Task details: Among the entries below, only the lines from the one with "Building Photo - 132 Durwood Rd" through the one with "4 bedrooms, WiFi, bed sheets" are to be retyped, exactly and without pictures.

Provided material:
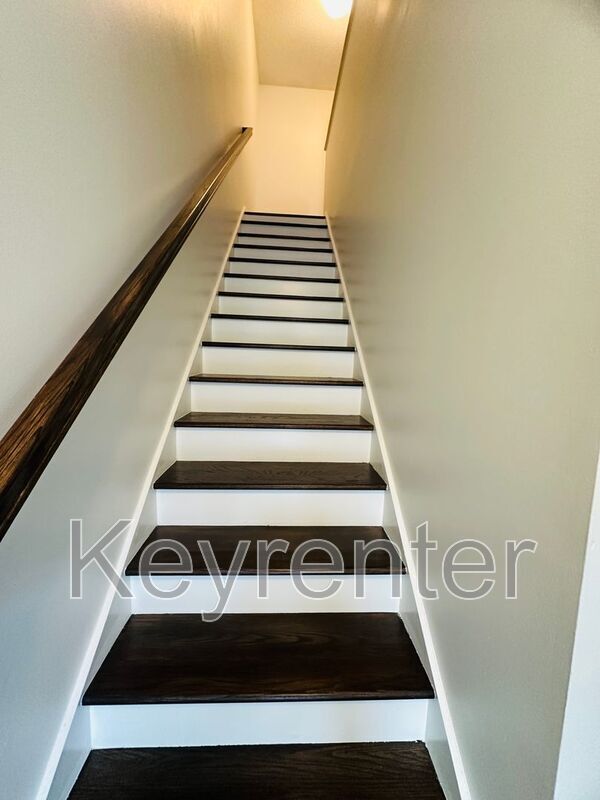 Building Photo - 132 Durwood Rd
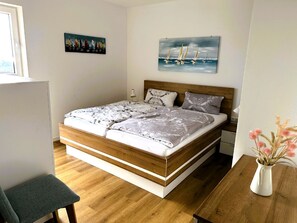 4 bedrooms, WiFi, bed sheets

--

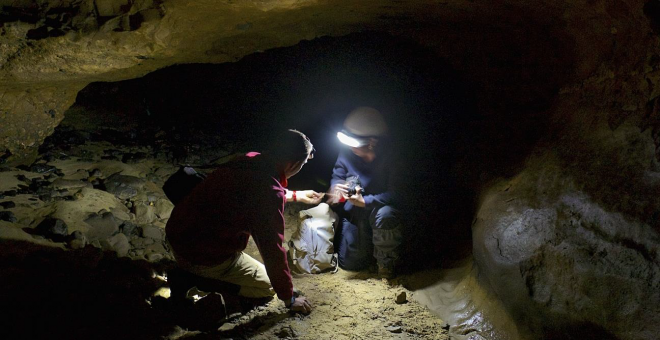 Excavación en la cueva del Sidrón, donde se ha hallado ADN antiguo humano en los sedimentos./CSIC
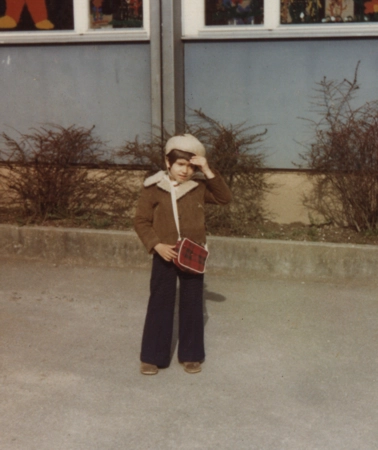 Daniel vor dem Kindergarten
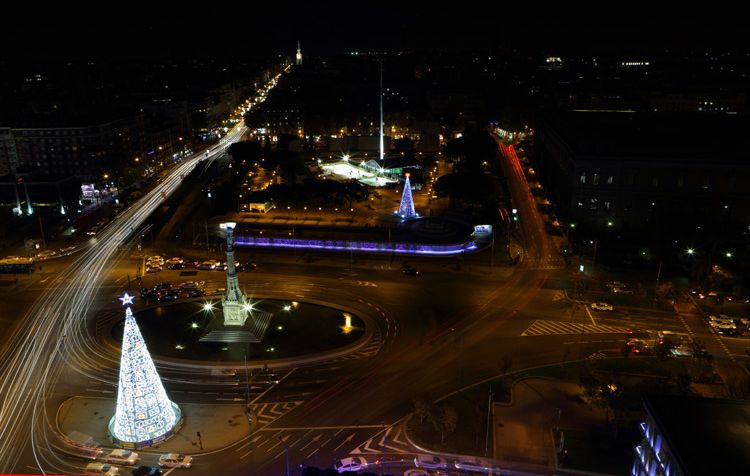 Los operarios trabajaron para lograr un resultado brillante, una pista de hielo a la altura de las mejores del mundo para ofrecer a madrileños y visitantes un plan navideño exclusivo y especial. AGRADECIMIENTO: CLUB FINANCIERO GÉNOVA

Worked solution:
 Building Photo - 132 Durwood Rd
 4 bedrooms, WiFi, bed sheets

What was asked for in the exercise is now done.